Auth: Create Envoy clusters from ExtensionServices

jpeach commented 4 years ago

Please describe the problem you have

Refactor the services code so that it can be substantially shared between Routes and ExtensionServices. Add DDAG support for generating Envoy clusters that from ExtensionServices.

xref #432 xref #2643

jpeach commented 4 years ago

The ExtensionService type has a slice of Contour Services (not the same as Kubernetes Services) so that an operator can weight requests between multiple Kubernetes Services, giving them more flexibility to split traffic between Kuberenetes Services that implement the same GRPC endpoints. This is the same flexibility that HTTPProxy provides on for routes.

Internally, the Contour EndpointsTranslator implements a one-to-one mapping between Kubernetes Service endpoints and Envoy ClusterLoadAssignments (i.e. endpoint discovery service). The EndpointsTranslator operates independently of Contour ingress reconciliation. Ingresses (including HTTPProxies) consume the output of the EndpointsTranslator because internally, Contour generates a stable and predictable ClusterLoadAssignment from a Kubernetes Service name.

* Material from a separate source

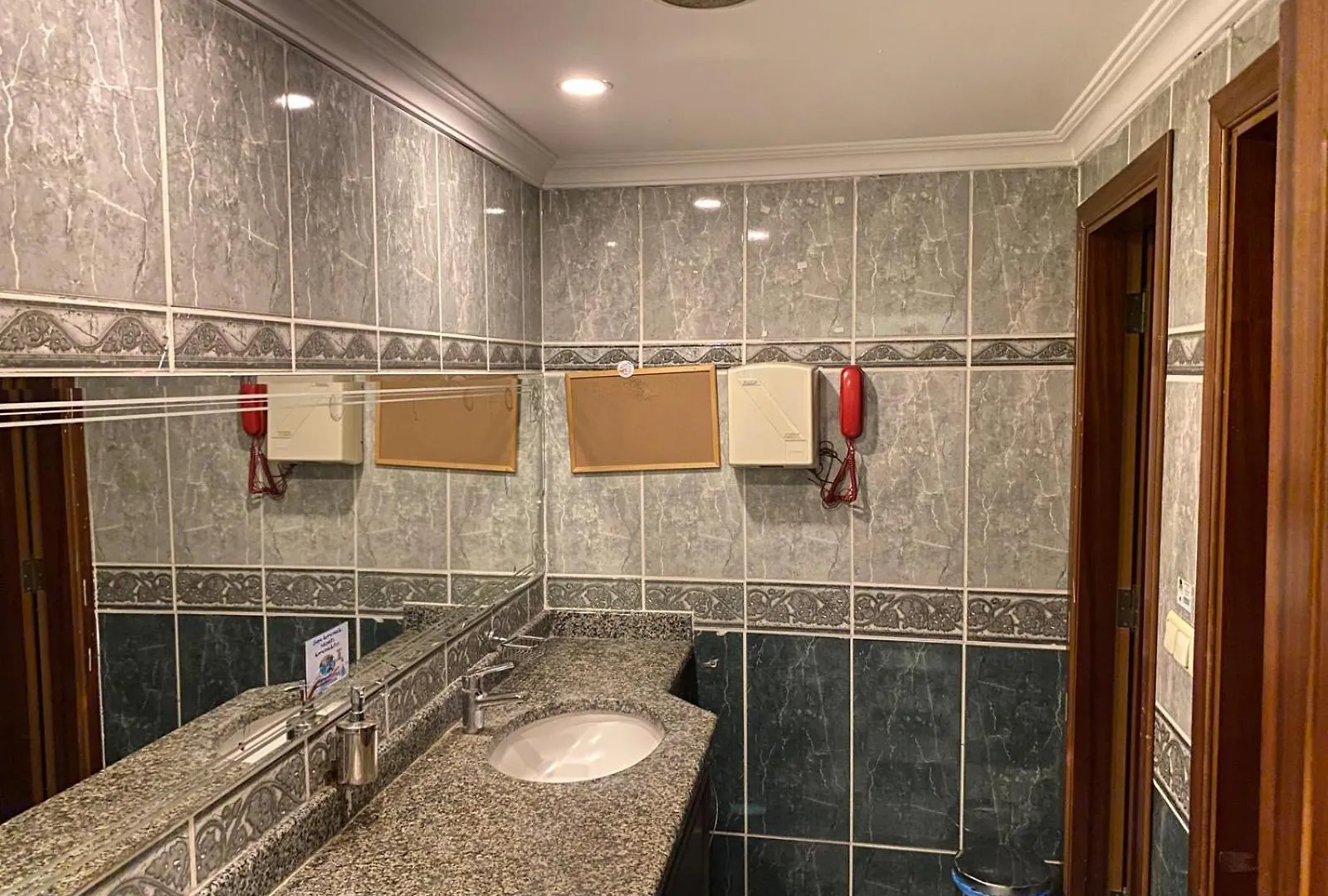 Hotel Bueyuek Levent Стамбул Турция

Note well that this means that the ClusterLoadAssignment generation is completely independent of the rest of the ingress reconciliation. Everything works in the end because the ClusterLoadAssignment names are consistent and globally unique, but there is no explicit coordination here.

A HTTPProxy Service generates a one or more DAG Services. A DAG Service generates both and Envoy Cluster (for the cluster discovery service) and a RouteAction (for the route configuration discovery service). Since the DAG Service represents Envoy configuration at multiple configuration layers, some fields are valid at only one of the layers.

So, to summarize:

A Contour Route balances across multiple Contour Services (at the HTTP layer)
A DAG Service maps to one Kubernetes Service
A DAG Service generates one Envoy Cluster
Each Envoy Cluster references one EDS ClusterLoadAssignment
Each ClusterLoadAssignment contains endpoints from exactly one Kubernetes Service

The Envoy ext_authz filter configuration accepts a Envoy Cluster name as the target for its requests. We have to program the Envoy Cluster for ext_authz filter from the ExtensionService API (since that's why it was designed). We don't have a HTTP Connection Manager, so there is no involvement from the route configuration discovery service. This means that to balance requests over multiple Kubernetes Services, we have to do so within an Envoy Cluster. This is possible, but it doesn't fit naturally within the Contour Service API, so we need to reconfigure the ExtensionService API.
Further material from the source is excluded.